• _What you have to do_:
Would you copy out each line of the records below that includes the word "will"?

• _Record extracts_:
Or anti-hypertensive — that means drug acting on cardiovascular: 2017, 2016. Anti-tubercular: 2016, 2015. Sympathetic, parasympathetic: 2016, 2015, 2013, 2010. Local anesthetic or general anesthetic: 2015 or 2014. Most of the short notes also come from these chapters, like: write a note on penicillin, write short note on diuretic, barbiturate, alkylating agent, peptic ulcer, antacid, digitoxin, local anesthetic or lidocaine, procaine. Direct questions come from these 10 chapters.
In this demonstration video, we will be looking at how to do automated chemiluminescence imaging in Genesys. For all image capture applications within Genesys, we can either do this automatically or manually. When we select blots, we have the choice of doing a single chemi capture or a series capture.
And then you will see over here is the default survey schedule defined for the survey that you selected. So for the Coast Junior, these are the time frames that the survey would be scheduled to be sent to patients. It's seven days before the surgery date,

* * *

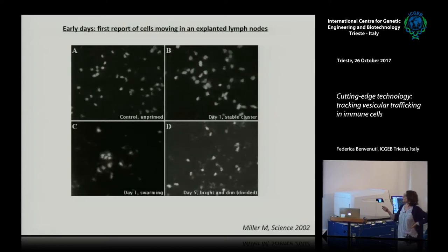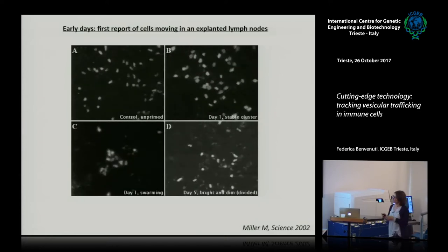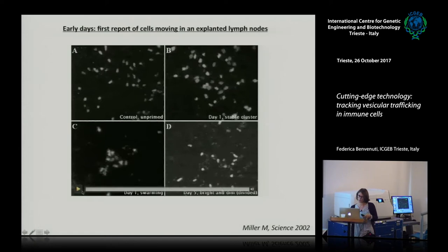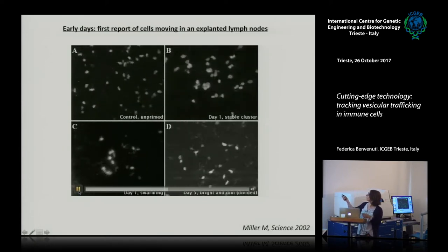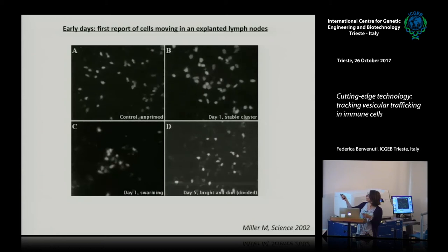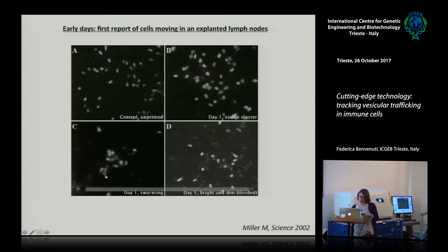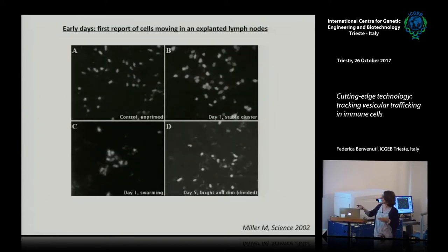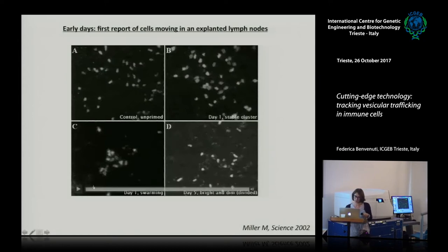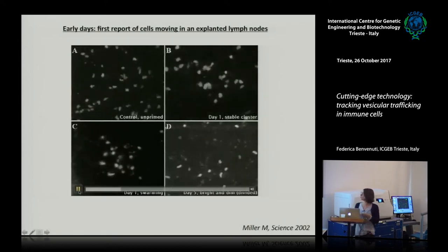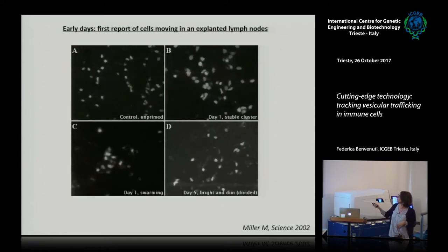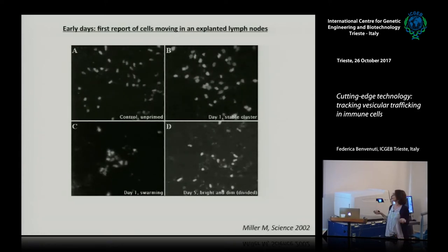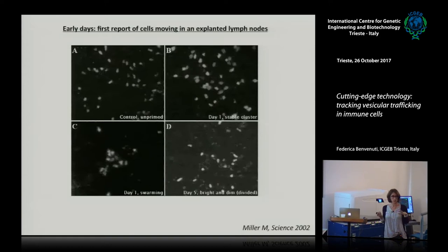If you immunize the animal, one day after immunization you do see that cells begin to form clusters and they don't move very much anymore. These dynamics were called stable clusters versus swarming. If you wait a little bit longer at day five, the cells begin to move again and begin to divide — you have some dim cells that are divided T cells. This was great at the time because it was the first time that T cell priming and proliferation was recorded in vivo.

• _Answer_:
In this demonstration video, we will be looking at how to do automated chemiluminescence imaging in Genesys. For all image capture applications within Genesys, we can either do this automatically or manually. When we select blots, we have the choice of doing a single chemi capture or a series capture.
And then you will see over here is the default survey schedule defined for the survey that you selected. So for the Coast Junior, these are the time frames that the survey would be scheduled to be sent to patients. It's seven days before the surgery date,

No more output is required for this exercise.